Our structure of apo RssB^REC reveals a meta‐active conformation that resembles to a great extent RssB^REC•BeF₃ ⁻•Mg²⁺. The structural differences between RssB^REC within IraD‐inhibited RssB^D58P and RssB^REC•BeF₃ ⁻•Mg²⁺ primarily involve helix α5 and the loop preceding it, while differences between apo RssB^REC and RssB^REC•BeF₃ ⁻•Mg²⁺ are maximal in the β3‐α3 loop, C‐terminal to Asp⁵⁸. While a full understanding of RssB mechanism will require the structure determination of full‐length RssB and RssB~P bound to its various partners, our work allows us to reconsider the role of phosphorylation in the RpoS general stress response.

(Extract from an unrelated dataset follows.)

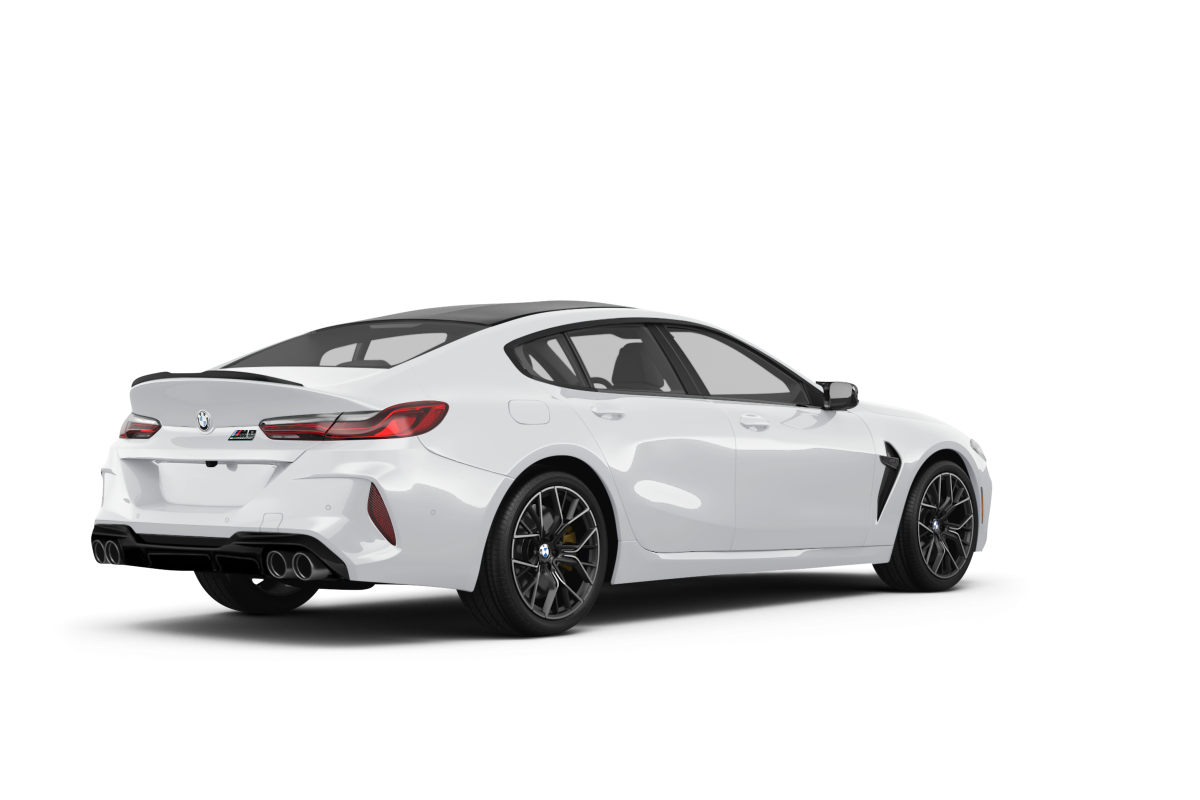 BMW M8 Alpine White - Back view BMW M8 Alpine White - Back view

Phosphorylation, by either kinases or small phosphodonors, is generally believed to promote RpoS binding and turnover by ClpXP. ¹⁴ , ¹⁶ More recent studies have proposed that, on the contrary, phosphorylation reduces RssB affinity for RpoS, and consequently the rate of RpoS degradation. This model was based on equilibrium dissociation constant determination for core RssB‐RpoS complexes comprised of RssB^REC and region 3 of RpoS (residues 163–220), and a less than twofold decrease in the affinity in the presence of acetyl phosphate. ¹⁷ This model is at odds with multiple observations, including the requirement for acetyl phosphate in promoting RpoS‐RssB ¹⁶ and RpoS‐RssB‐ClpXP complex formation, ⁵ and in stimulating RpoS degradation in an in vitro system. ¹⁶ , ³⁷ It is, however, easily explained by our determination that removing the EFF domain partially activates RssB^REC independent of phosphorylation, obfuscating the effects of phosphoryl transfer on the full‐length protein.

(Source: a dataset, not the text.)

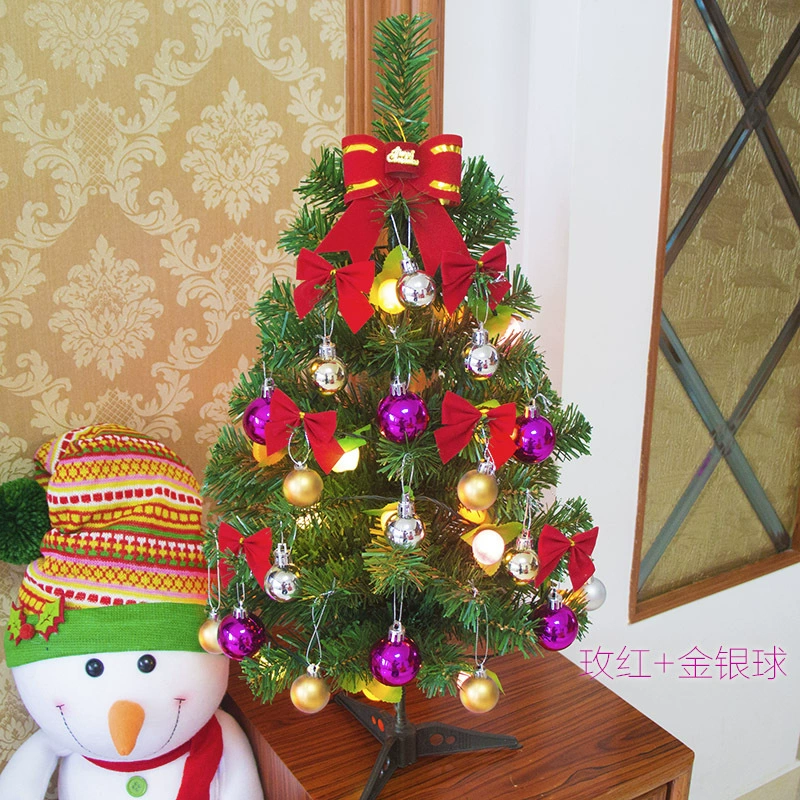 Spot [60см Color Light Package Tree] Spot Mini Little Christmas Tree настольная PVC елка рождественская декорация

We suggest that RssB conforms to neither the Y‐T‐coupling model for signaling seen in many response regulators, nor to the signaling mechanism used by FATGUY proteins during the alphabacterial stress response. RssB deregulation achieved by a single amino acid substitution of Arg¹¹⁷ in helix α5 severely impairs function. ¹⁵ This, together with the major conformational differences between IraD‐bound RssB^D58P (in an OFF state) and RssB^REC point to helix α5 as key for signal propagation to the EFF domain. Consistent with this, mutations in the interdomain linker C‐terminal to α5 (W143R, P150S, E135A E136A E137A) have also been demonstrated to affect the adaptor function of RssB and its ability to be regulated by anti‐adaptors. ¹⁶ , ³⁷ Without doubt, further understanding of the regulatory RssB system will require a multipronged approach, including determination of structures of full‐length RssB and RssB complexes, which, more than two decades since the discovery of RssB's role as an RpoS regulator, ⁵ , ⁶ , ³⁸ remain eagerly awaited.

4. METHODS

4.1. RssB^REC production and crystallization

RssB^REC was purified as a hexahistidine tag RssB (residues 1–129) fusion by a succession of nickel‐affinity chromatography, tag cleavage and dialysis followed by gel filtration on a Superdex 75 HiLoad column 16/60 (GE Healthcare) preequilibrated with 20 mM HEPES pH 7, 150 mM NaCl, 10 mM MgCl₂, and 2 mM TCEP. The sample was crystallized against 0.2 M lithium sulfate, 22% PEG 3,350, and 0.1 M Tris–HCl pH 8.8 in sitting drop format. Cryoprotection was achieved by supplementation of the well solution with 25% ethylene glycol. RssB^NTD•BeF₃ ^−•Mg²⁺ was crystallized in conditions similar to those identified for RssB^NTD.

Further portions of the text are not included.